With the assistance of a military coup, two party dissolutions, a new constitution, an activist judiciary, royal backing, an ultra-nationalist crisis, six months of escalating street provocation, military insubordination, and an economically disastrous airport shutdown, the Democrat Party now seems to be within striking distance of forming Thailand’s next government.

Good luck to them.

Their path to government has been anything but honourable, but the ultimate decision will be made by parliament. If the Democrat Party can muster the numbers in parliament, they have a right to form government. Those who have defected from the government side will have to face their respective electorates eventually and the voters will be able to make a judgement about their motives and their actions (and any incentives they may have received).
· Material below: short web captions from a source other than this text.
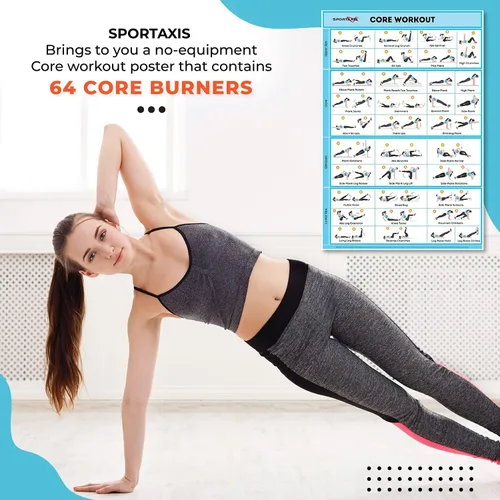 Vista 2 de SPORTAXIS Póster de entrenamiento básico con ilustraciones de colores, póster de pared laminado sin equipo para entrenamiento en casa, pósteres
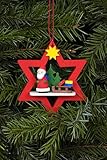  Baumbehang Weihnachtsmann im roten Stern zum Hänge, vom Erzgebirge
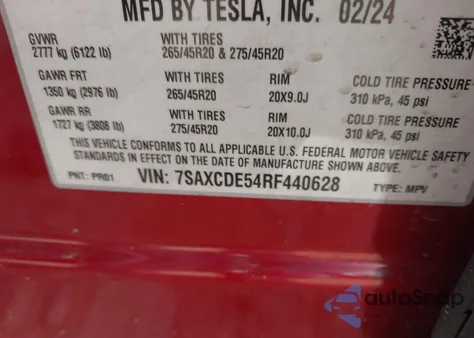 2024 Tesla Model X Long Range from USA, damaged, VIN 7SAXCDE54RF440628
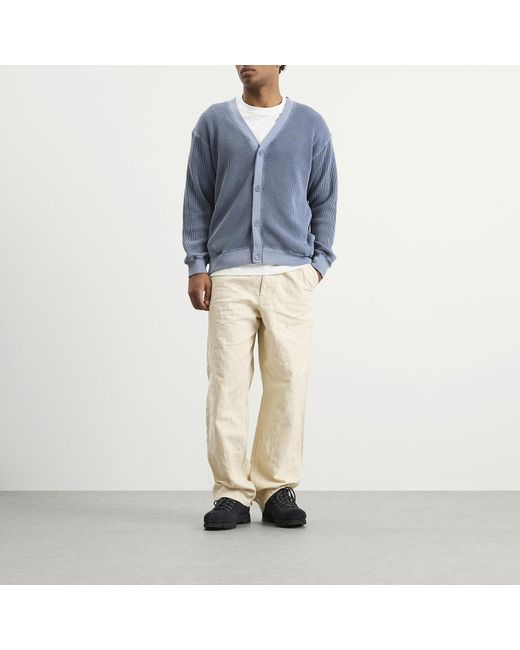 Manastash Blue Heavy Snug Thermal Cardigan for men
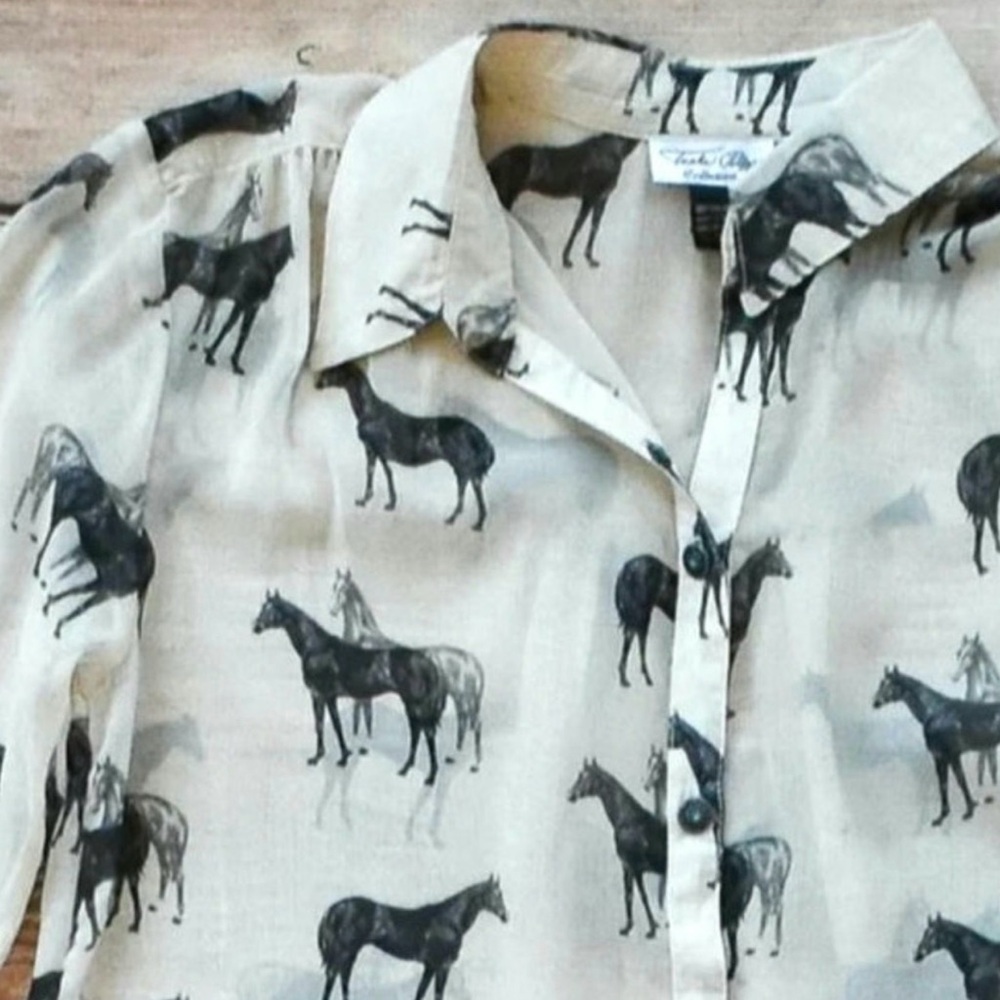 Tasha Polizzi Black and Gray Horse Print Shirt - Picture 3 of 7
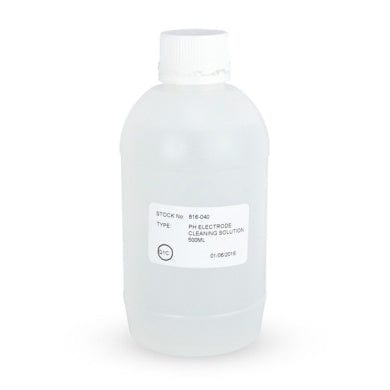 Une Solution de stockage pour électrodes de pH formulée par Thermomètre.fr dans une bouteille de liquide clair sur fond blanc.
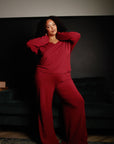 LIMITED EDITION Rich Merlot drawstring wide-leg trousers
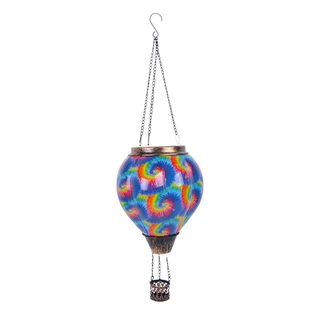 Solar powered Tie Dye Swirl Balloon Lantern with silver chains and hook, multicolor swirl design.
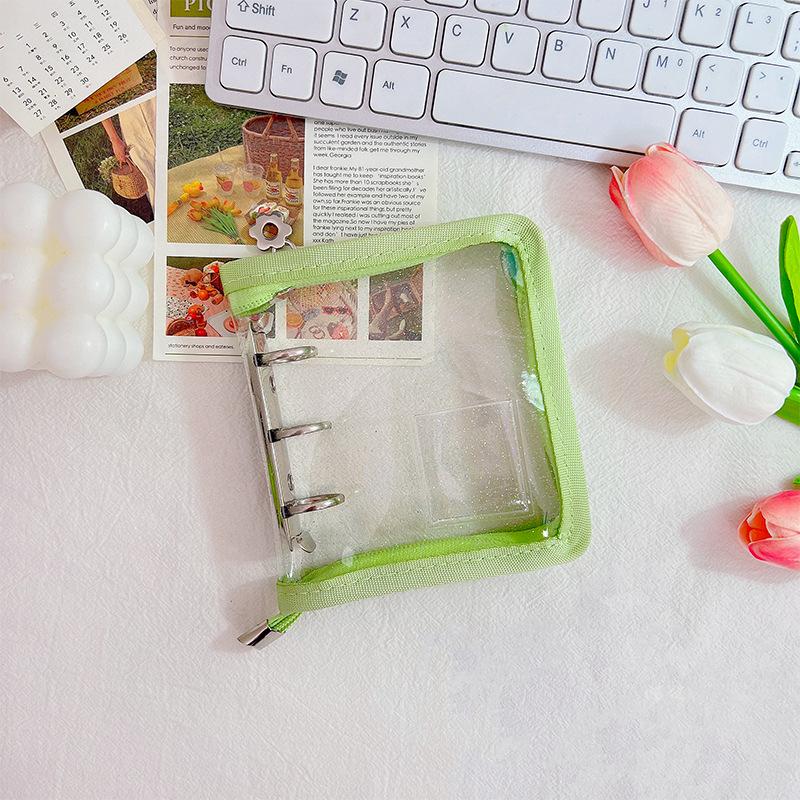 Mini Colorful Zipper 3-Hole Binder Cover with PVC Planner for Girls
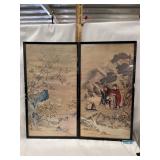 Pair of Chinese Silk Watercolor Paintings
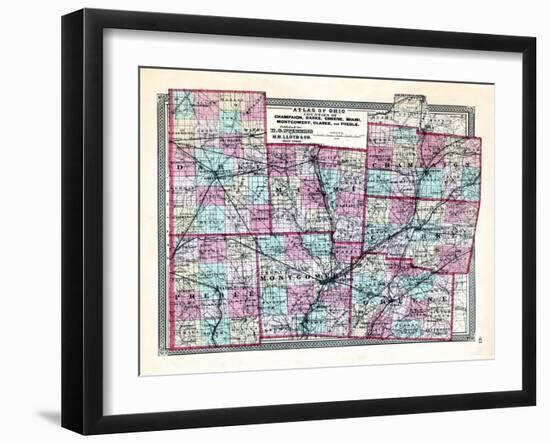 1868, Champaign, Darke, Green, Miami, Mongomery, Clarke, Preble, Ohio, United States-null-Framed Giclee Print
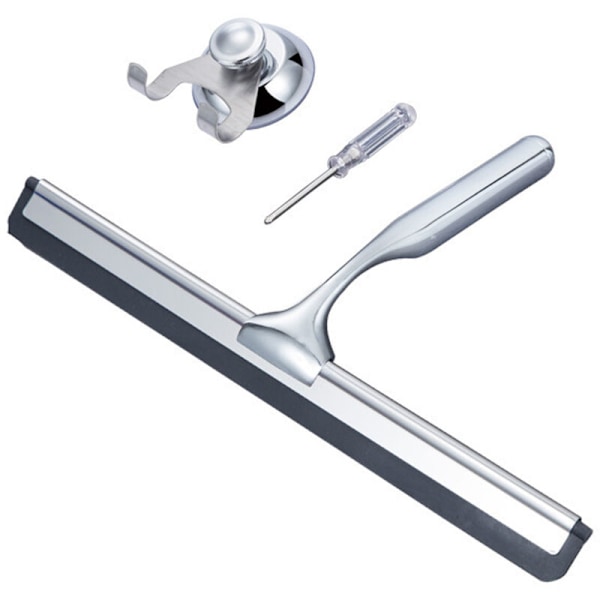 Duschskrapa i rostfritt stål med solid sugpropp för badrum, kök, spegel, bil, fönster och glas, 25,5 cm, silver.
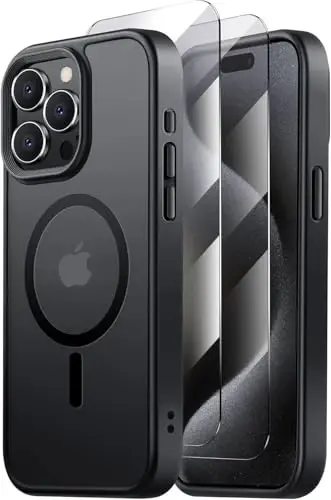 Tigowos for iPhone 15 Pro Max case,Compatible with MagSafe,[15FT Drop Resistant][2 Tempered-Glass Screen Protectors] Matte Skin-Feeling Shockproof case for iPhone 15 Pro Max Cases 6.7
Up until then the Pheua Thai/UDD forces would do well to play the part of a suitably outraged, vigorous and constructive opposition. Some well attended rallies of red shirts would provide a suitable forum for the expression of anger at the Democrat Party’s opportunistic path to government. If the rallies are orderly then the Pheua Thai backers can maintain the hold they have on the high moral ground that has been so comprehensively abandoned by the People’s Alliance for Democracy (PAD).
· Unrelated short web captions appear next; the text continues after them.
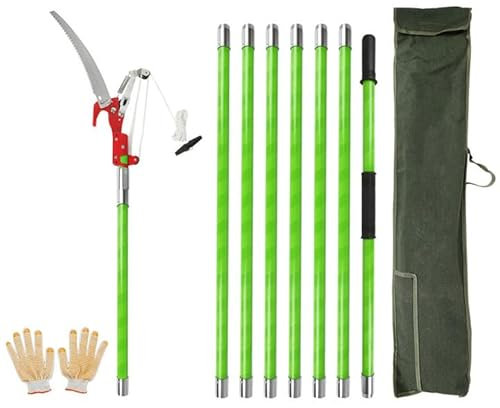 27Ft Pole Pruning Saw, Tree Pole Pruner with Scissors for Tree Trimming 8m, Telescopic Garden Tools with Carry Bag and Gloves, Extendable Pole Saw Manual Tree Loppers Long Reach for Lawn,Garden Branch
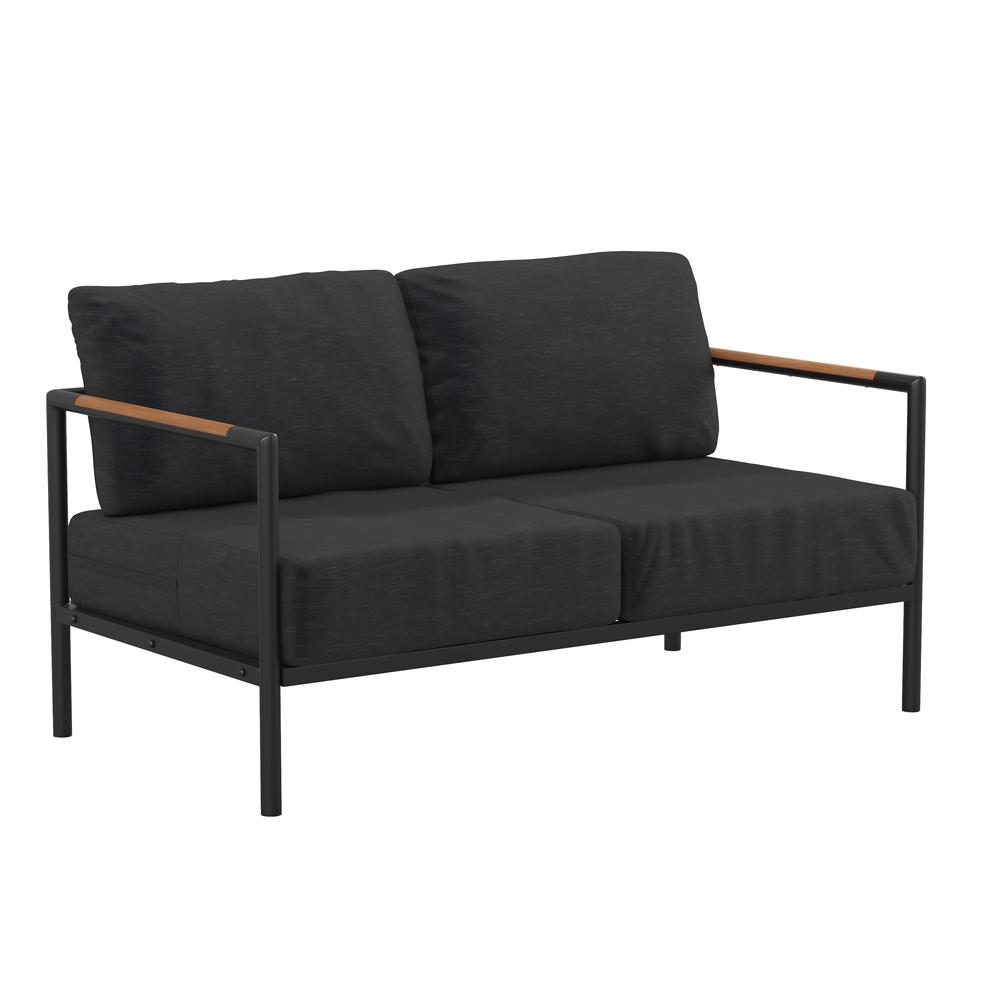 Patio Loveseat with Cushions  with Teak Accent Arms, Black-Charcoal Cushions. Picture 1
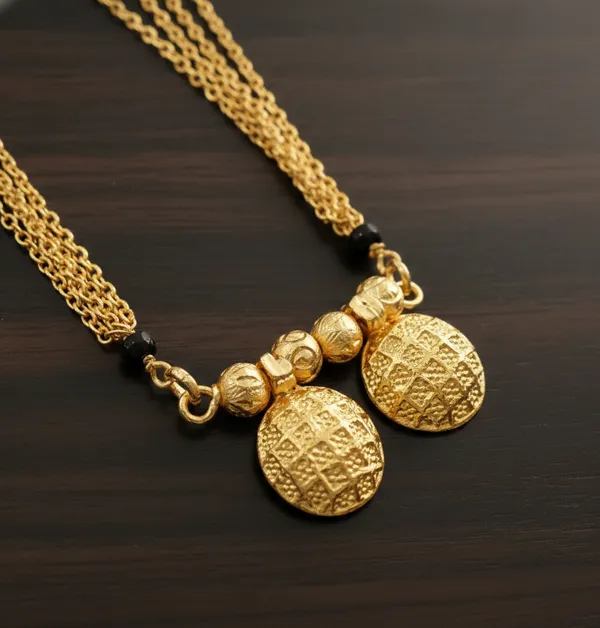 Triple-Strand_Gold_Mangalsutra_with_Textured_Vati_Pendants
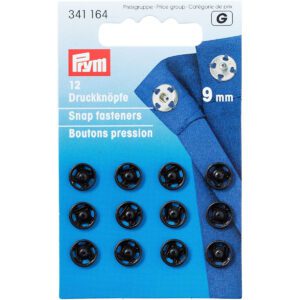 Prym Sew-on Metal Snap Fasteners - Black - 9mm
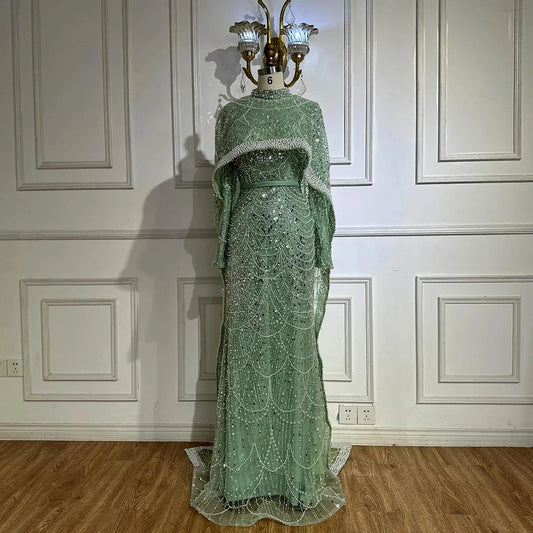 Luxury Dubai Muslim Long Sleeve Evening Dresses Pearls Beaded Gowns LA72032MP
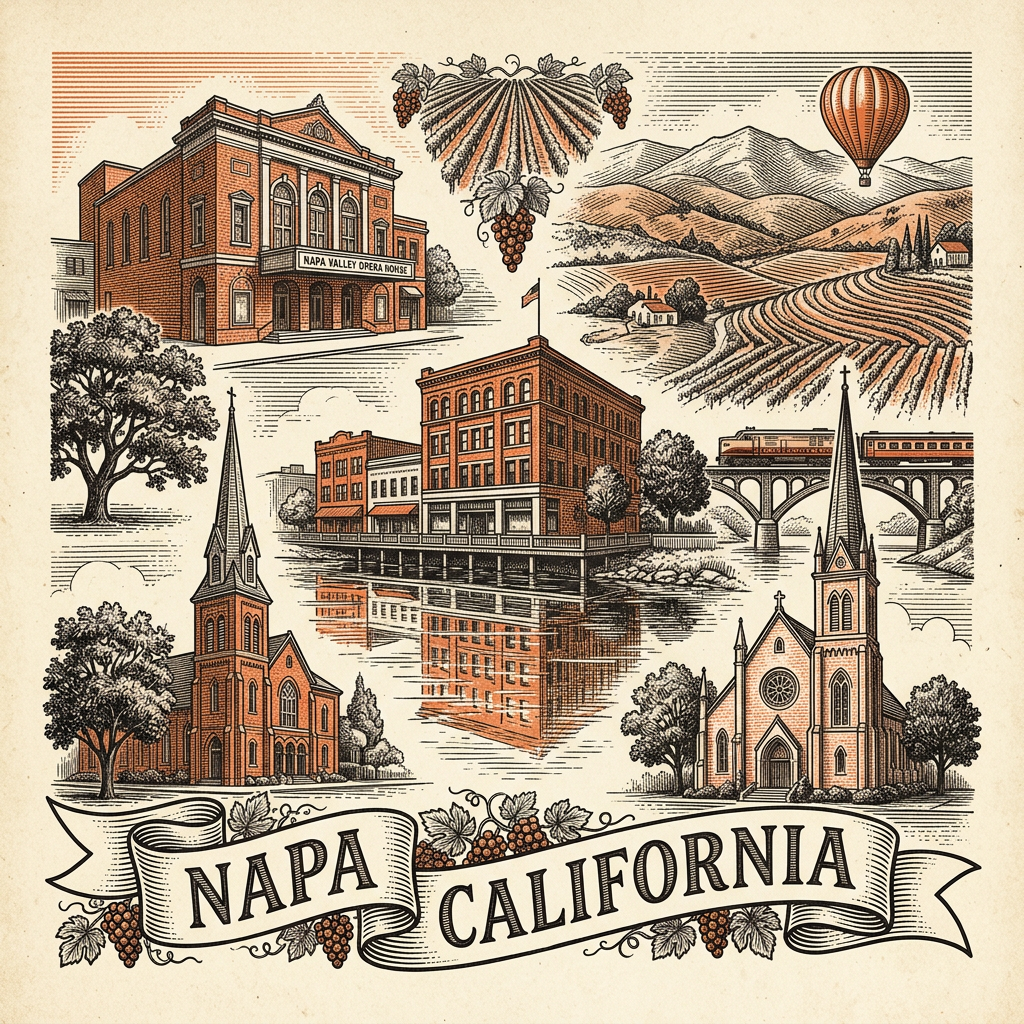 Engraved Napa CA city illustration – Official Translations certified translation services from $29.95 per page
The strategists in Pheua Thai probably fancy their chances against the Democrats in a general election. Given the likely fragility of a Democrat majority, and the fluidity of party allegiances, an electoral contest may well come sooner rather than later.

But all bets will be off if the Democrats move down the “new politics” path laid down by the PAD. Any attempt to move towards an appointed, rather than elected, parliament, will surely be vigorously resisted by parliamentary and non-parliamentary means. Let’s see if the Democrats can live up to their name.